Given data »
'''

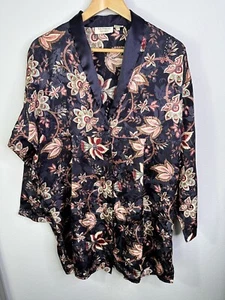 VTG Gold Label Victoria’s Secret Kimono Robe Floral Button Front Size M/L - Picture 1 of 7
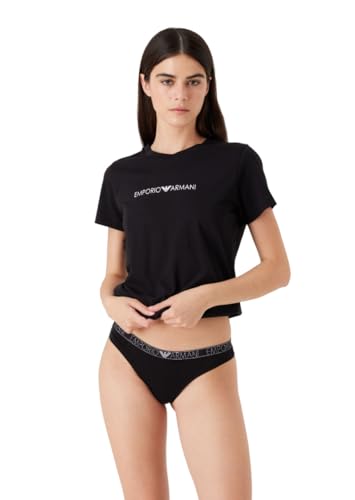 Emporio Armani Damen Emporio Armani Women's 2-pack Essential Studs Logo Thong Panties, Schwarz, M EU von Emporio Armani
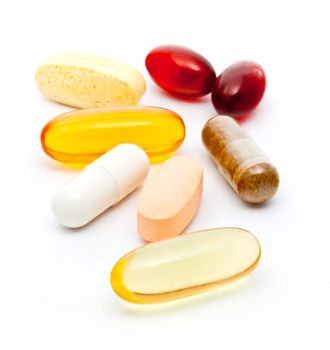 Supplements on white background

'''
'''

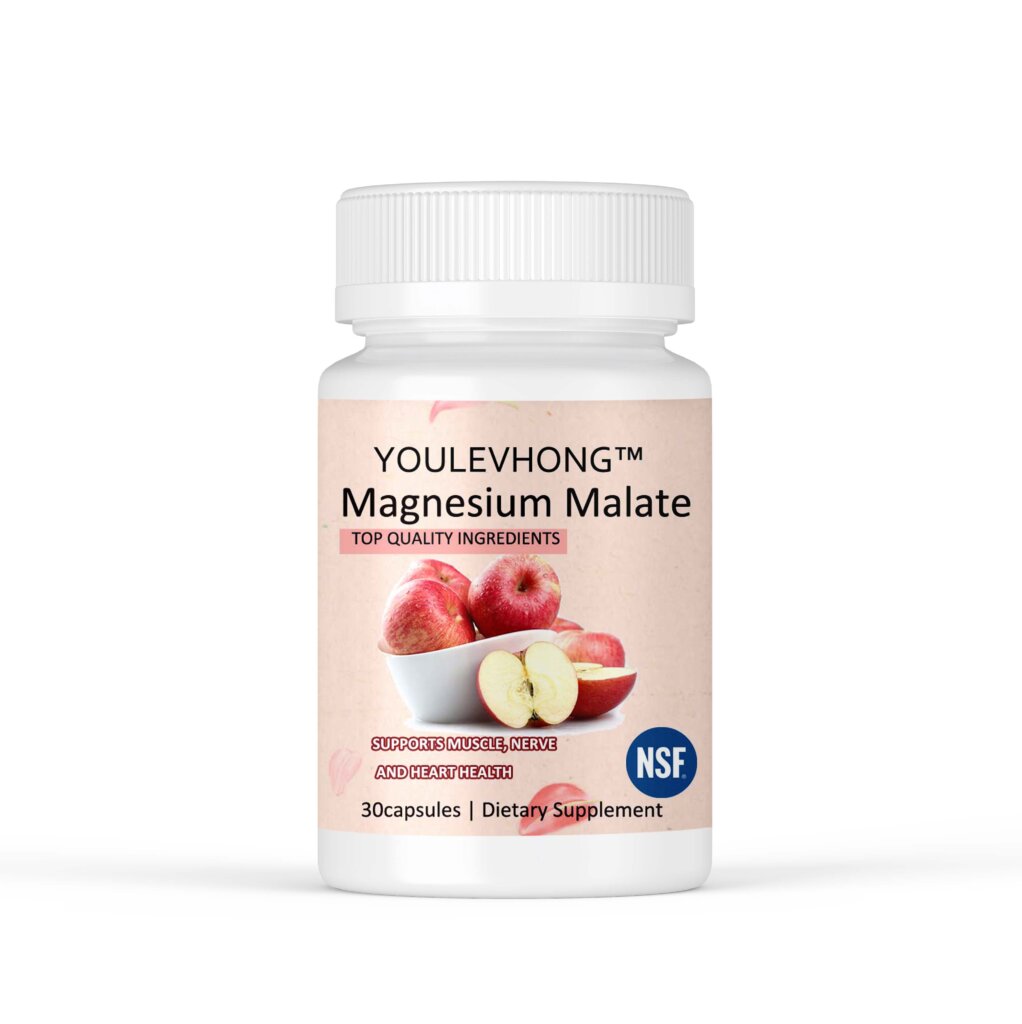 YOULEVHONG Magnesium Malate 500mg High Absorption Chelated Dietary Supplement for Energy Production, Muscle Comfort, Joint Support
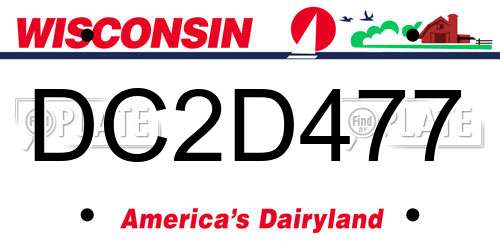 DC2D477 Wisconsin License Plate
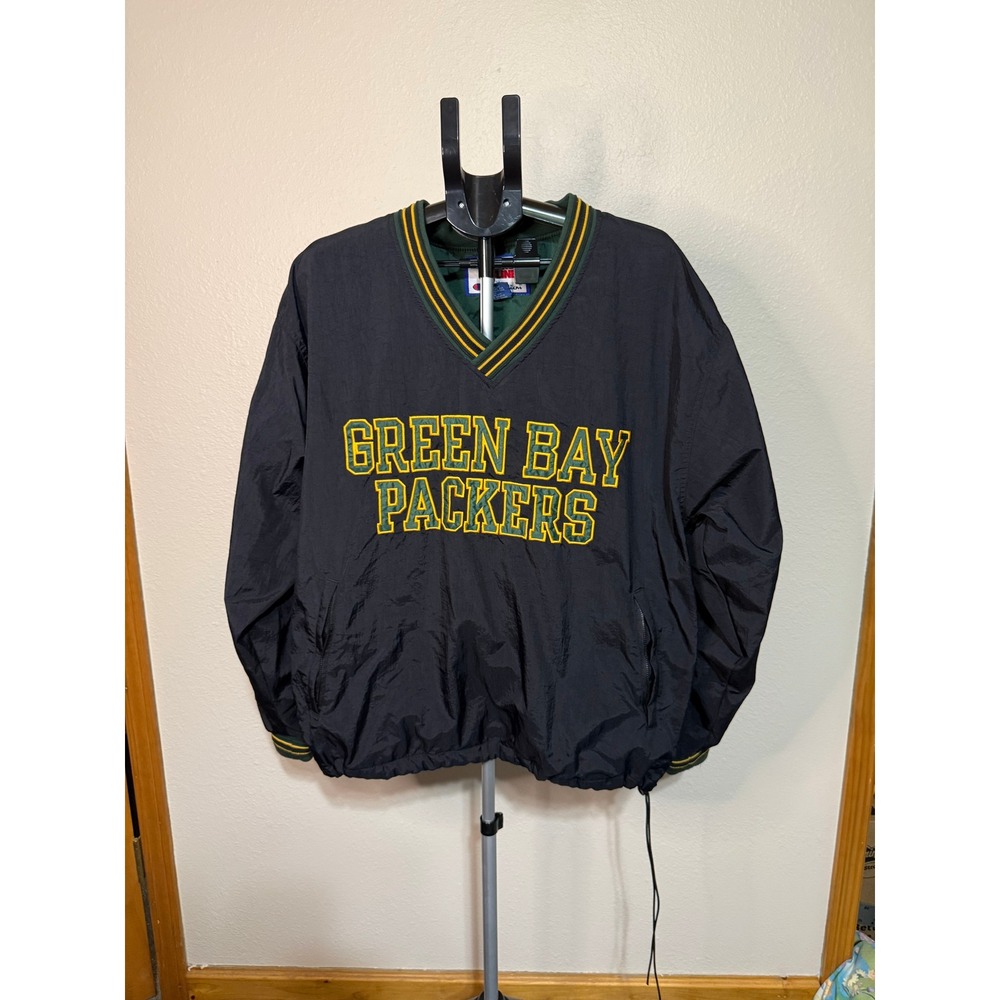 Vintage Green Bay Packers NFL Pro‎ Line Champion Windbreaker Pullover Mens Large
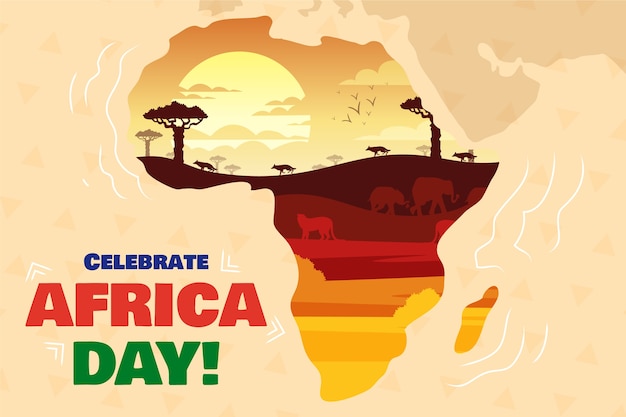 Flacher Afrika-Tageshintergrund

'''

Task details » Starting with the line that has "Vintage Green Bay" and ending with the line that has "Flacher Afrika-Tageshintergrund", repeat the lines above exactly, omitting every picture.

Reply »
 Vintage Green Bay Packers NFL Pro‎ Line Champion Windbreaker Pullover Mens Large
 Flacher Afrika-Tageshintergrund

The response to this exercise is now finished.